By default, a type is loaded into the same domain as its caller. This means that if the same assembly is referenced by code in two domains it will be jit'd twice and each domain will maintain separate copies of all the loader and EE data structures used to describe the class. In addition, these types have different runtime identities. TypeA loaded in DomainX and TypeA loaded in DomainY are not equivalent (the == operator will fail).
There are cases where the extra memory overhead introduced by this scenario is unacceptable. This is often the case for large assemblies that are typically shared by all the domains in a process. Examples of such assemblies are generally "system" assemblies like the Base Class Libraries, NGWS runtime, the ASP+ libraries, and so on. One could also imagine an ISV wanting to load an assembly that is shared across a family of products this way.
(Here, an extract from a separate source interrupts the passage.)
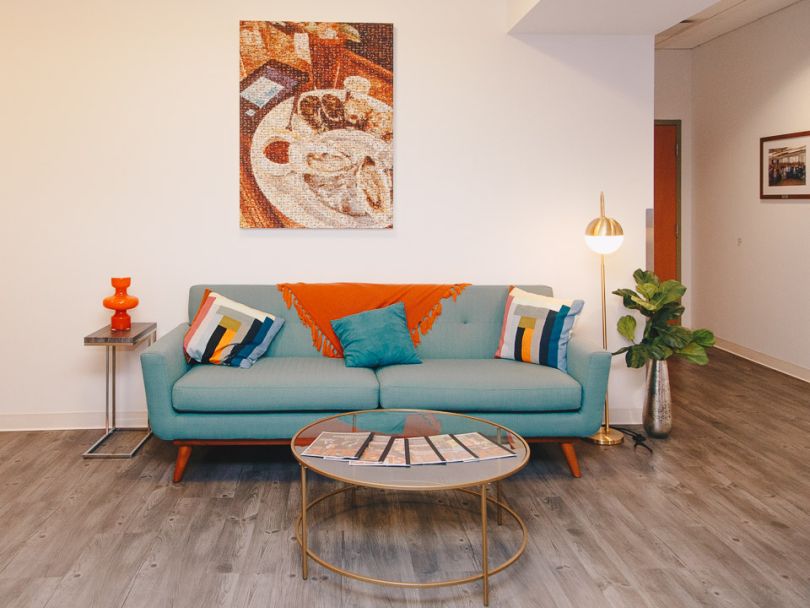a bright seating area in Toast's office.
To address these issues, the NGWS runtime supports the notion of "shared assemblies". When a type from a shared assembly is loaded the first time, it is automatically mapped into all Domains instead of being loaded into each domain separately. As a result, shared assemblies consume fewer resources if multiple domains refer to them. Shared assemblies also speed up the creation of domains since the NGWS runtime doesn't need to re-jit the code or build multiple copies of the EE data structures used to represent the types. Shared assemblies are not unloaded until the runtime leaves the process.
While shared assemblies do reduce memory usage, they do result in slightly larger jitted code. In addition, since statics are scoped by domain, references to statics must be indirected when the assembly is shared instead of being accessed by direct memory reference. As a result, access to statics will be slower when the assembly is loaded shared than when it is not.
Assemblies can be loaded as “shared” by setting a flag on the calls to AppDomain::Load and Assembly::Load.